A toy engine. From 0 to Ludum Dare

Last November I started working on a toy DX12 renderer. At first my intention was to add a new backend for Milton, but after I got the first triangle going it became pretty addictive to just keep going and see where I could take it. Here’s a write-up of what I’ve got going!

As I have grown this system, my main focus has been on API design and the core rendering API. I wanted to have an engine I could use to write small games and test apps with as few lines of code as possible. It needed to be flexible enough to be used as a test bed to try out different graphics techniques but I also wanted it to be useful as an actual game engine.

In this post I will go through how the system has grown from a triangle on the screen to a toy engine that I could use on a game jam.

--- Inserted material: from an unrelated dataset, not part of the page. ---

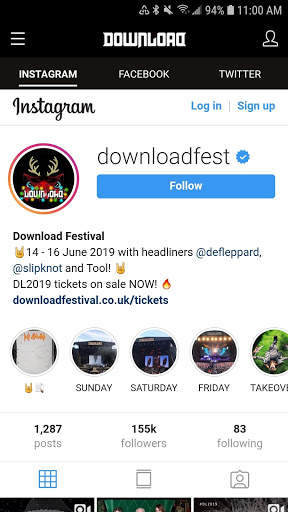Download Festival screenshot 4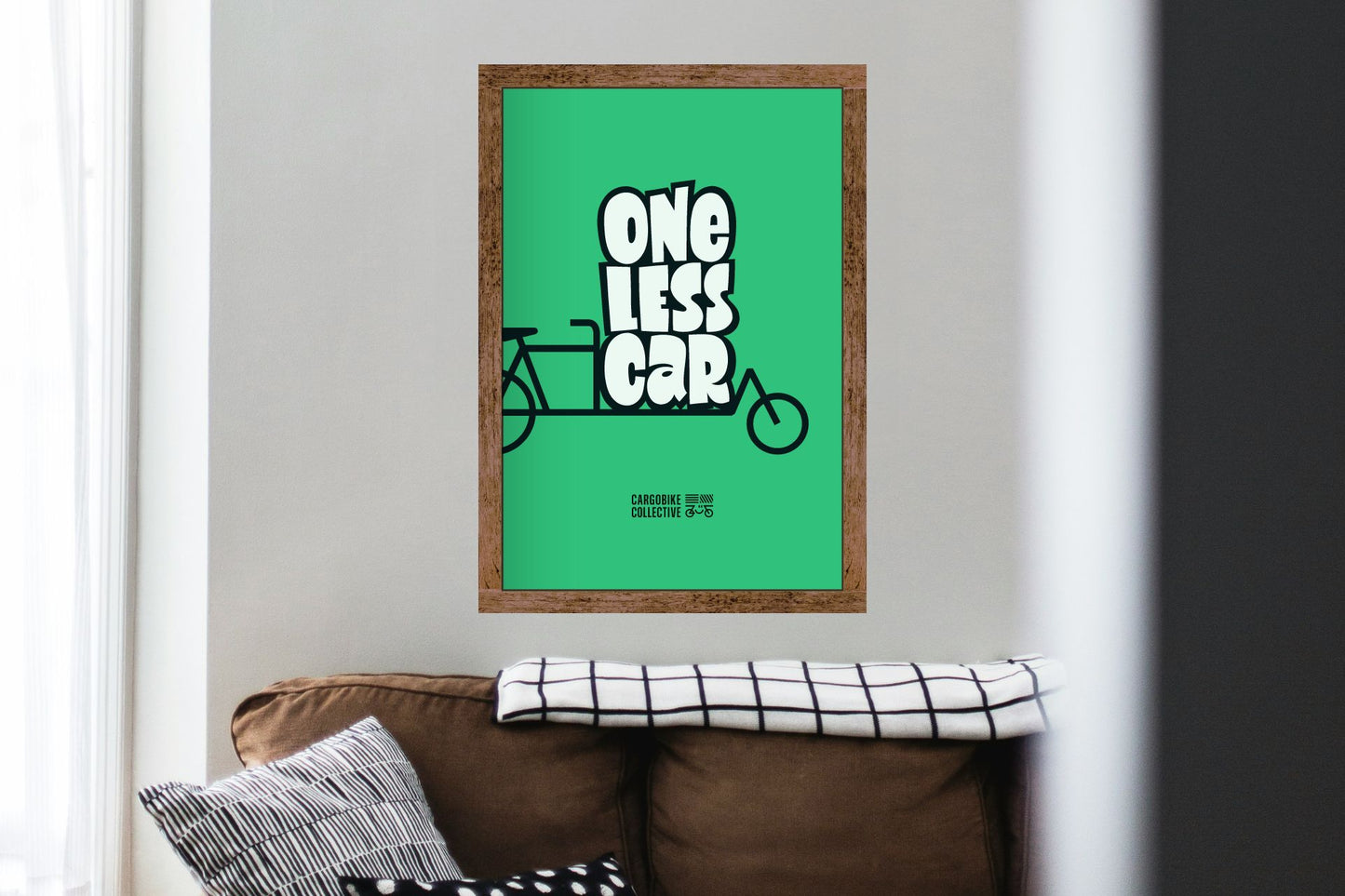 One Less Car • Print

The intended audience are people with a little background in graphics programming or people who are interested in writing a 3d engine from scratch. It’s not super technical but I do throw around many graphics terms that I don’t bother to define since this is already a lot of text.

The first triangle, and setting up pipeline states

I started by looking at some sample code and copying things over while looking at the functional spec.

a triangle

A lot of the work that I put in to get the triangle going was the bare minimum necessary, but I also tried to introduce some initial abstractions. One of my goals with this project is to write more than one backend, so the API hides all of the DX12-specific details.

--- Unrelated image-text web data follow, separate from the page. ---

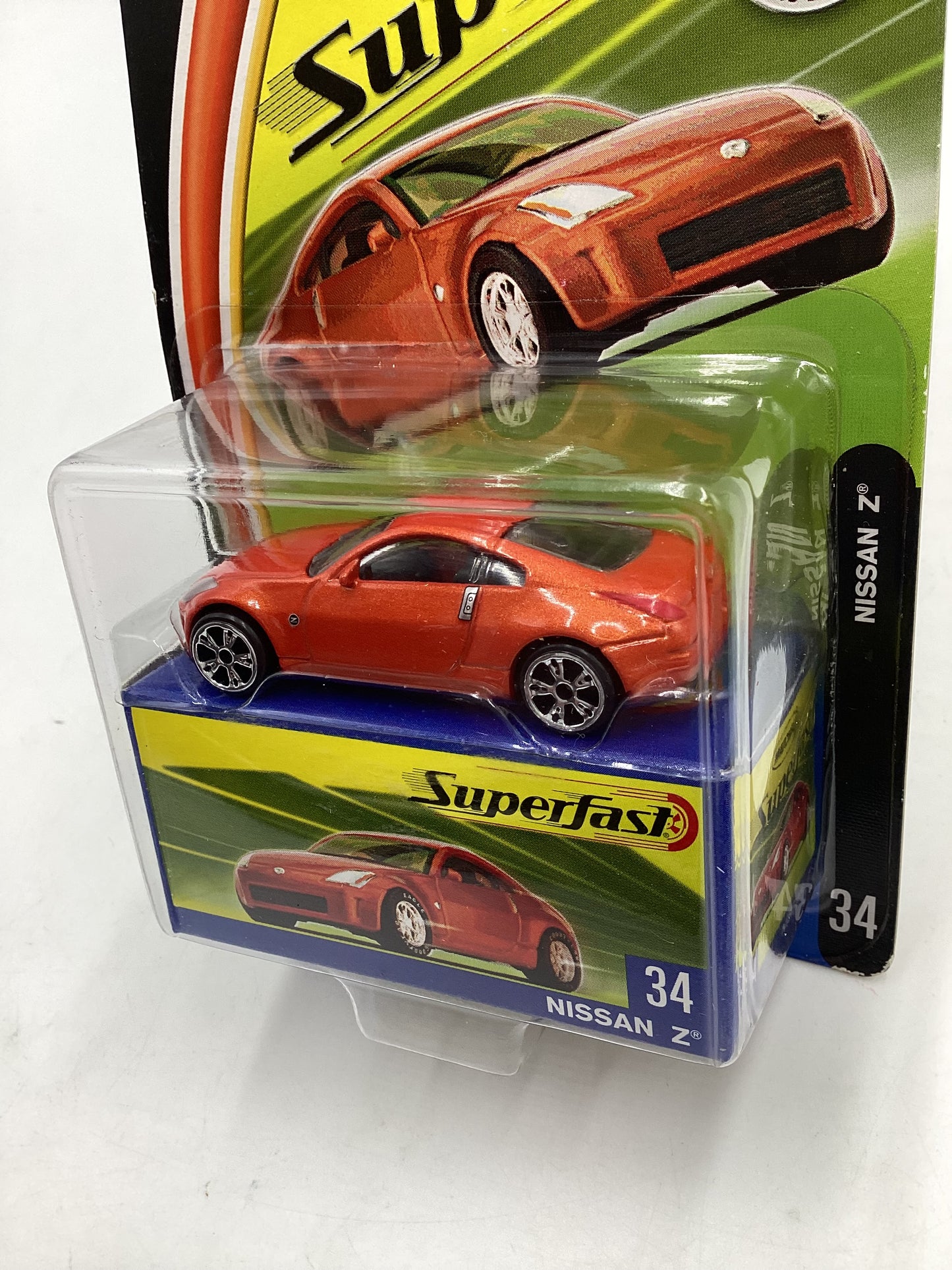 Matchbox 2004 Superfast #34 Nissan Z orange 169D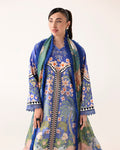 Roheenaz | Rosette Lawn | Breeze of Dawn - by Libasekhas UK - Registered Vendor of : Roheenaz - 100% Original Designer Dress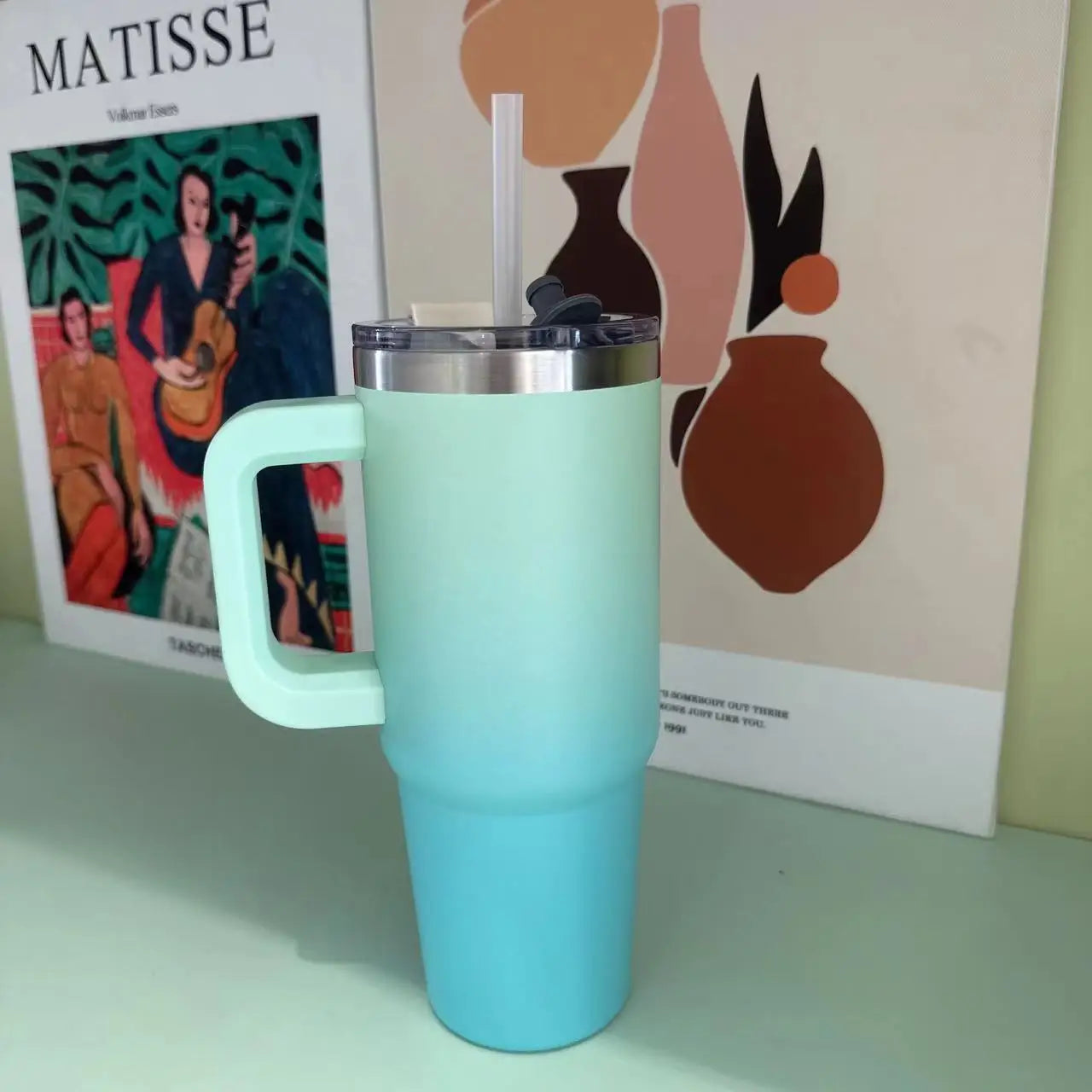 Drinkware Stainless Vacuum Insulated Bottle With Wide Spout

Here’s an example of the API for creating graphics pipeline state objects (PSOs):

PipelineStateHandle gpuGraphicsPipelineState(
                        u8* vertexByteCode,
                        u64 szVertexByteCode,
                        u8* pixelByteCode,
                        u64 szPixelByteCode,
                        const PSOFlags psoFlags);

It takes an array for the vertex shader bytecode and one for the pixel shader bytecode and returns a handle which we can use with a corresponding gpuSetPipelineState.

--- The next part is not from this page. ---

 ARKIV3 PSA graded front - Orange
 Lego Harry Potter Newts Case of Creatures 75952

It’s a pretty common pattern in game engines to use handles to reference data, and my engine is no exception. Every handle is a type-safe index into some array. Most handles are defined in a single line like so: struct ObjectHandle { u64 idx; }; I define them with structs instead of using a typedef to get some type safety.

As a quick aside while on the topic of handles, for any array that is indexed by handles, its zero-th member is always some sentinel value. The most common bugs in game engines are invalid handles, so while 0-valued handles are invalid in this engine, we use some very conspicuous value for zero-th elements. A 0xFF00FF flat-colored material, for example. This works super well with initializing everything to zero by default and while it doesn’t handle out-of-bounds errors, it does handle a very common case of trying to use something that has been explicitly marked as invalid.

PSO handles are a little different in that they consist of an index and also a type, so the engine can distinguish between raytracing pipeline states and regular compute and graphics pipeline states, to cut down on the number of functions.

In this engine we create all the PSOs in a single function. We have PSOs for meshes, UI elements, certain test cases, and SDF objects, more on all of that later! All of them get explicitly created in a single place. It’s a simple solution and I haven’t needed anything more complicated. I keep the number of PSOs down by relying on scalar branching (for a small runtime hit) instead of doing static branching. In other words, instead of using #ifdef’s in shader code and compiling different variations, I pass knobs in constant buffers and the shaders do some branching. Another design goal of this project is that small iteration times and quick development are higher priority than runtime performance.

So, we have a nice blue triangle and the beginnings of a render API. What’s next? Texturing.

textured quad

One early decision was to go with a bindless binding model, where there’s just a giant descriptor table and we “bind” resources by passing indices into an unbounded array. The only reason I went with bindless is that it seemed like less work and simpler PSO management code.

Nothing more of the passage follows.